I’ve been at this “Catching Up With” column for a few months, but I was nervous to call Stephanie Case. She works for the United Nations (UN) and I feared ignorance on worldly matters, among other things. Case’s smile quickly reassured me though, beaming across a computer screen from Chamonix, France. She spoke with just a hint of a Canadian accent, and with a nose stud glistening.
Chamonix is certainly different than many of Case’s work locations, and she steps me through her unique career track. “It was a progressive path into war zones, quite difficult surprisingly,” she said of the trajectory, and then followed with the motivation. “I don’t know where it came from, I just had this feeling [growing up] that the conditions of the vast majority of the world are different than the window I saw.” She traces her earliest experience to a year of high school in Switzerland, and then a first trip to Africa as a college sophomore in 2002. She politely picks at the ethics of voluntourism and calls the practice an “exchange of cultures,” but she was increasingly hooked, and international travel became increasingly frequent. Case taught the English language to Buddhist monks in Thailand the next year, and laughs at the recollection of a gastrointestinal problem she contracted while there. “I sat on a pillow the whole next year. I had to take my exams standing up,” she laughs. I shake my head, wondering why I was nervous in the first place. Despite her position, Case is definitely down to earth.
“The easiest job I’ve gotten was the one straight out of university,” Case explained, “and it was the highest paid too.” Work at a major corporate law firm in New York followed law school. “I ultimately really wanted to work for the UN, but it’s hard to break into. These large law firms have relationships all over the world though and there’s some opportunity to do pro-bono work on the side.” Case latched onto Lawyers Without Borders, for one. “I self funded a lot of trips, I needed to build up my curriculum vitae.

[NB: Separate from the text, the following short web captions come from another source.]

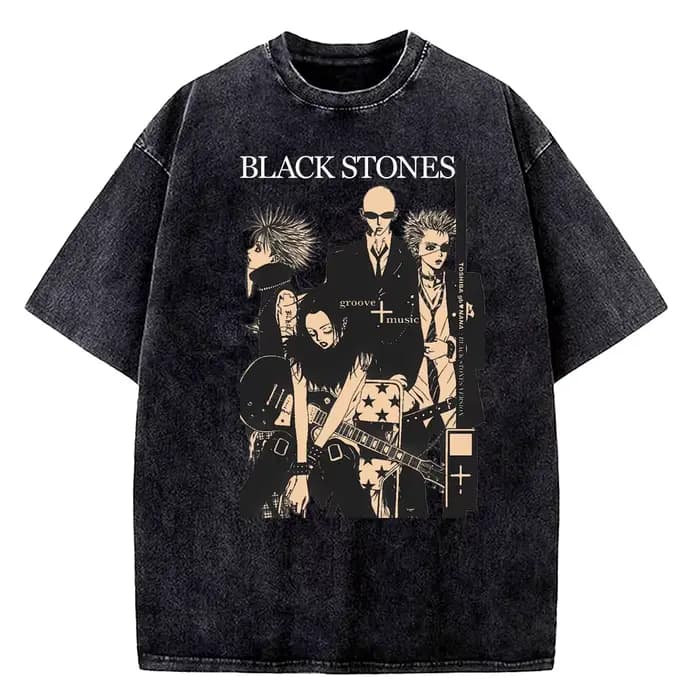T-shirt vintage délavé Nana Osaki, anime japonais, vêtements pour hommes et femmes, t-shirts à manch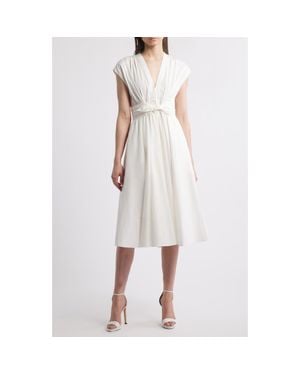 Kobi Halperin Tie Waist Midi Dress - White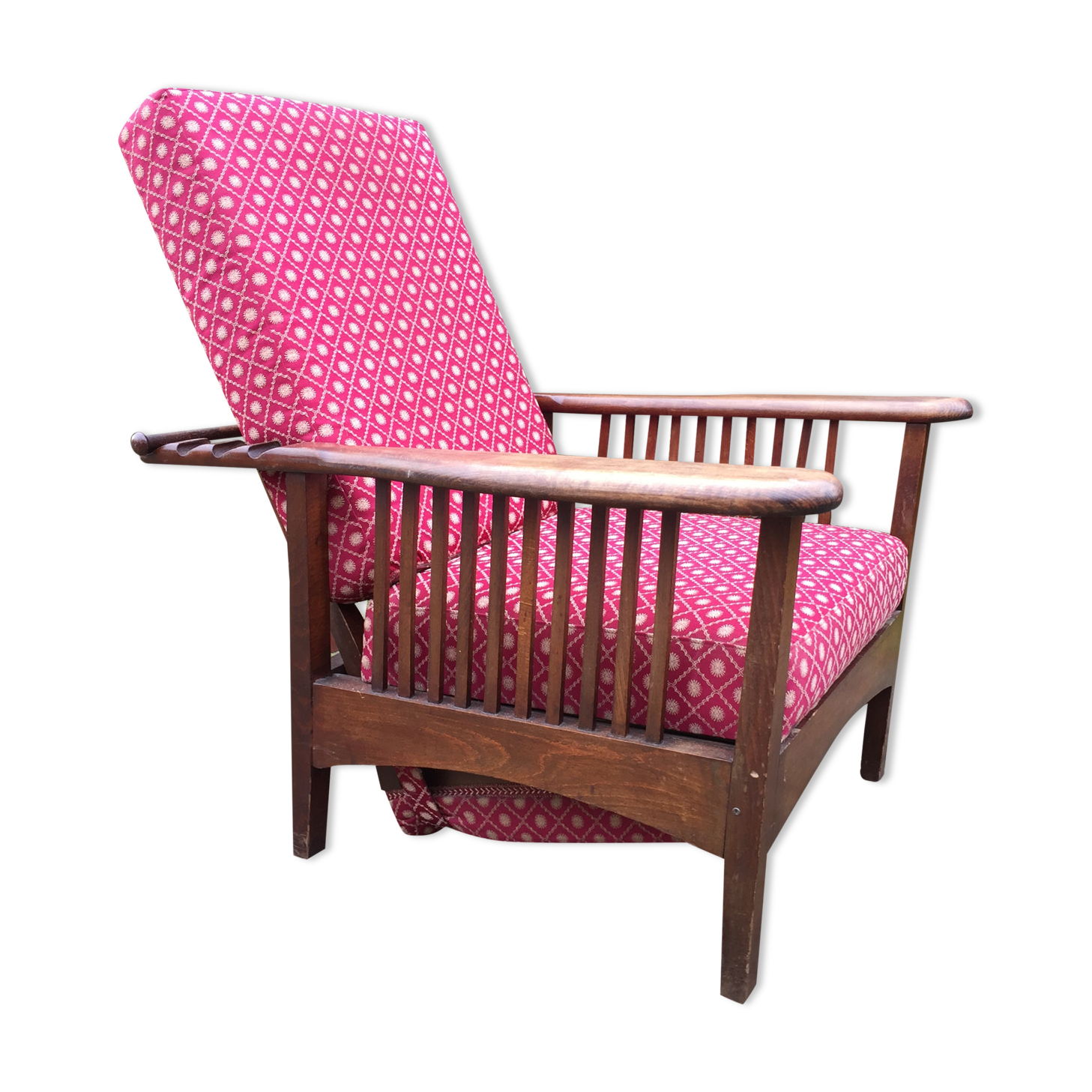 Vintage morris armchair in beech and fabric bordeaux napoleon iii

Liberia, Ethiopia, Rwanda,” she rattles off a few of her destinations from that period. “Trial monitoring, for human-rights activists on trial, training lawyers and judges on the rule of law,” she said of the work. “I broke my jaw in Rwanda too, a bike accident.” I shake my head again.
The 2008 Lehman Brothers collapse gave her an opportunity for a permanent exit from high-stakes corporate law, and she went deep into unpaid human-rights work, including at the International Bar Association for Human Rights Institute, in London. And there were more international trips, “Syria, Kenya, trying to build street cred on human rights.”
“I went to Afghanistan with the UN in 2012 as a volunteer. I scoured LinkedIn for recruiters,” she said of her ultimate ticket in. “2014 was South Sudan. I lived in a tent for six months as a non-government organization employee with internally displaced people. I was part of the humanitarian response. There were 100,000 people camped together. It was pretty intense, but I really wanted a hardcore humanitarian experience. With compound life [as in Afghanistan], you’re at risk, but you still have some comforts. South Sudan was not that,” she said, emphasizing ‘not.’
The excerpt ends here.